Le Catalogueur collectionne des volumes comme d'autres réunissent des fragments curieux de silex, de néphrite, de serpentine ou d'obsidienne; il a des livres comme on a des tentures, des meubles rares, des bronzes, des bibelots de toutes sortes. Avant même que de les ouvrir, il fait relier superbement ses brochures, il n'a pas de Bibliothèque, il n'a qu'une Tannerie. La Bruyère de nos jours serait, hélas! plus sévère qu'autrefois;—que son ombre nous guide, car, nous, son infime petit-fils, nous allons essayer notre verve sur quelques Catalogueurs pourtraicturés sur de bons patrons;—sois indulgent, ô bénévole lecteur de nos Caprices! si notre pinceau est parfois impuissant.

I

Richard vit retiré des affaires, dans le high-life parisien. Sa fortune est considérable, il a maison de ville et maison des champs. Ses valets sont du meilleur style, ses écuries citées comme modèles et ses chiens bien dressés. Ses maîtresses, par sérieux, tiennent à honneur de se dire siennes, lui, par gaillardise, tient à honneur d'afficher ses maîtresses. Richard possède une loge à l'Opéra et fréquente assidûment son club; il est arrivé à cet âge où l'ambition gravit un étage et du cœur monte à la tête, où, par contraste, les illusions dégringolent à l'entresol, et du cerveau vont au cœur.—Richard est bien de sa personne: a la tenue correcte d'un gentleman, il joint la rondeur ample d'un boursier bon enfant; en le voyant passer, de suite on songe à Monsieur Capital.

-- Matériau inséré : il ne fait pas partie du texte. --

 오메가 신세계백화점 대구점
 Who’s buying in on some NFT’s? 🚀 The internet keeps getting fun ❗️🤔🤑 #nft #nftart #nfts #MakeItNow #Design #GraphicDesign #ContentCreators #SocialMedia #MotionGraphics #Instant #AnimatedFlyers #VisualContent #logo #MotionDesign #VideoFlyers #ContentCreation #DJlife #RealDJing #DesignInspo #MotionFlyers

Par distraction, et encore plus par ce besoin inné d'occupations actives qui fouettent l'ennui, Richard s'est fait antiquaire: il raffole, dit-il, des choses du temps et raconte avec emphase qu'il a su réunir chez lui des beautés incomparables. On le voit à l'Hôtel des ventes, non loin de la tribune du commissaire-priseur; le portefeuille bien nourri, et prêt à subir l'assaut des enchères; sa voix grave d'homme d'affaires fait monter avec assurance les tableaux estimés des maîtres contemporains et un sourire d'orgueilleuse satisfaction éclaire son visage, lorsque, de groupes en groupes, son nom circule dans le public comme l'heureux possesseur d'une œuvre d'art. On dit de lui qu'il a le flair, et qu'il n'acquiert qu'à bon escient.—Il n'achète pas, il place son argent.

Richard cependant n'est pas pleinement satisfait; des désirs vagues le poussent à la Bibliomanie; il se repose des tableaux et se donne aux livres, ce sera sa seconde manière et il y restera fidèle.